I will soon apply to Opera Undergraduate educations around Europe.

I am in a hurry.

I am a soprano. 24 years old. I have b12 deficiency so a little problem with memory.

I live in Sweden and wonder if you know arias and lieder that are easy to remember with a easy melody and little lyrics.

Maybe something like this (repetetive) 



 but an aria and for a soprano soloist.

Thank you in advance!
Hedda Nilsson


----------



## Rogerx (Apr 27, 2018)

Hedda said:


> Hi.
> 
> I will soon apply to Opera Undergraduate educations around Europe.
> 
> ...


What is your teacher advising?


----------



## Barelytenor (Nov 19, 2011)

Without any more information, I'm guessing at your age that the lyric soprano parts might suit. Some arias without a ton of words are:

O mio babbino caro from Gianni Schicchi (overdone but shows off the voice)
Thy hand, Belinda / When I am laid in Earth from Purcell's Dido and Aeneas
Batti, batti, o bel Masetto from Don Giovanni
Quando m'en vo from La Boheme

Lieder
Zueignung-Richard Strauss
Après un rêve-Fauré
Some Swedish lieder (you would know better than I!)

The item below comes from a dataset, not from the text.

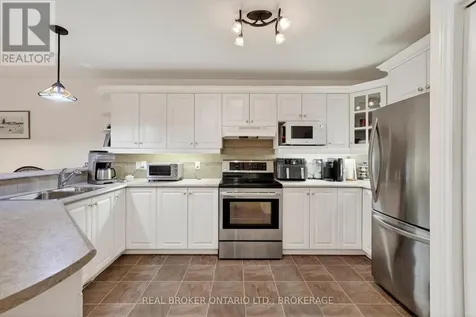 83 Sunset Boulevard Cornwall ON K6H 7M3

Strictly guesses to get you started. Good luck Hedda! Doing something simpler very well is better than doing something more difficult, not so well.

Kind regards, :tiphat:

George


----------



## nina foresti (Mar 11, 2014)

"The Evening Prayer" from _Hansel and Grete_l.


----------



## MAS (Apr 15, 2015)

Ombra mai fu from Handel's *Serse*

Take a vitamin B12 supplement.


----------